The Need for Due Diligence and Financial Statement Analysis – The Bank of America-Merrill Lynch Case
DOI:
https://doi.org/10.33423/jaf.v23i1.5829Keywords:
accounting, finance, due diligence, mergers and acquisitions, financial statement analysisAbstract
Mr. Ken Lewis, Chief Executive of Bank of America (BOA), was harshly questioned regarding BOA’s acquisition of Merrill Lynch. This was driven by an earnings release on January 16, 2009 indicating Bank of America had massive losses for the 4th quarter of 2008 due to the Merrill Lynch acquisition. Bank of America’s stock fell to $7.18, its lowest level in 17 years following the release of the earnings announcement. Complicating the matter was that the market capitalization of Bank of America, including Merrill Lynch, was just $45 billion, and Bank of American had offered $50 billion to acquire Merrill.
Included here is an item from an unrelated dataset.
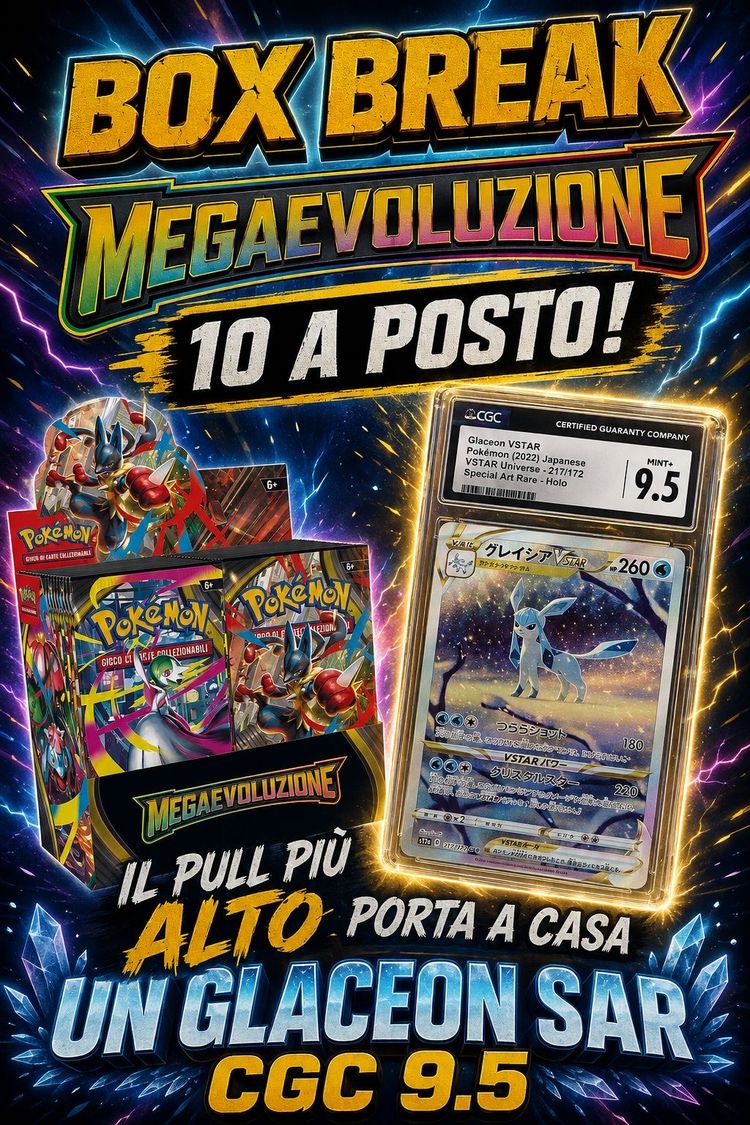 Live Trading Cards auction: Sbustiamo? by pokeworld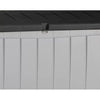 Black/Gray Keter Novel 90 Gallons Gallon Water Resistant Lockable Deck Box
These events led both insiders and outsiders to question the acquisition. What due diligence should have been completed and were there were relevant accounting policies and valuation issues of concern? In this case, students are placed in a decision-making role to provide a financial analysis considering different options and assessing the benefits and detriments of the acquisition. It provides students an opportunity to apply acquisition principles in a real-life setting.